*** RECORD EXTRACTS Section Begins ***

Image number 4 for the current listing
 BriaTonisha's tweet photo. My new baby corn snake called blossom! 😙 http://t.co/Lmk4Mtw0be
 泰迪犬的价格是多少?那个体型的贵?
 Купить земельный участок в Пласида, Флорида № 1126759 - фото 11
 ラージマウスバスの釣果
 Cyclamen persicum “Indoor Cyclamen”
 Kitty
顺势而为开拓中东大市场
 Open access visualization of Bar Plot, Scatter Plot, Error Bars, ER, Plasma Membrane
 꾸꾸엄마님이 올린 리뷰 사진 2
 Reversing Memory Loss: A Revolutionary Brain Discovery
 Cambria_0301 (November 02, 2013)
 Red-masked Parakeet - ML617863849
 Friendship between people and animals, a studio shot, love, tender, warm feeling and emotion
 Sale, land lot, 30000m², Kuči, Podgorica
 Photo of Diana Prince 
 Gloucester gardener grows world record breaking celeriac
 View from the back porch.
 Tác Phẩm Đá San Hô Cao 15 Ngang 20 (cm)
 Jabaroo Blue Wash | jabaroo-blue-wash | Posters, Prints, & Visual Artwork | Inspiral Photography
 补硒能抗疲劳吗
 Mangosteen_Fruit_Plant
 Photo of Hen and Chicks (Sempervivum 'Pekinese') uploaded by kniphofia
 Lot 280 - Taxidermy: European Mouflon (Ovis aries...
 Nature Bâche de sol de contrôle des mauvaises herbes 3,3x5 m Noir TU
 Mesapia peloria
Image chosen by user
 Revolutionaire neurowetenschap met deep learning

*** RECORD EXTRACTS Section Ends ***

ABOUT THIS TASK:
For the word "Image", find all matching lines in the entries above and copy them out.

OUTPUT OF THE TASK:
Image number 4 for the current listing
Image chosen by user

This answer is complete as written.